Exercise goal: In the records below, count every line containing "Small". Reply with the number only.

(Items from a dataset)
______________________________

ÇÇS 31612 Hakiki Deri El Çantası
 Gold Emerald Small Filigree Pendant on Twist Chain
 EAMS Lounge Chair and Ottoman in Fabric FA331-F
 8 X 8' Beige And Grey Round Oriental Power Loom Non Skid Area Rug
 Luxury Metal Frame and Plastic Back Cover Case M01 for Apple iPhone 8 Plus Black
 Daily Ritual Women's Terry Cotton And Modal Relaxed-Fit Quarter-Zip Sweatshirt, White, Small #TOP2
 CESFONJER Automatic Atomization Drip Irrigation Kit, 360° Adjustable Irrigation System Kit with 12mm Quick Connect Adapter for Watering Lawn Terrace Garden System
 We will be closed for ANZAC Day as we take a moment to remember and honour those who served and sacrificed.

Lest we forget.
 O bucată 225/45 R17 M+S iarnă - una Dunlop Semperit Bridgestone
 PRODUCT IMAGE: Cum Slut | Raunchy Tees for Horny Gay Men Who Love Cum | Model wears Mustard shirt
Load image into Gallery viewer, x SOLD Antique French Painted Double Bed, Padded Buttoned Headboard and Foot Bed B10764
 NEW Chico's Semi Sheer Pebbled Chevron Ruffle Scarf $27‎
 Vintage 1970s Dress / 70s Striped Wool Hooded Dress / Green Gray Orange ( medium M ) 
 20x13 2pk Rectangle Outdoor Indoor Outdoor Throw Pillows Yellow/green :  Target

______________________________

Finished exercise: 2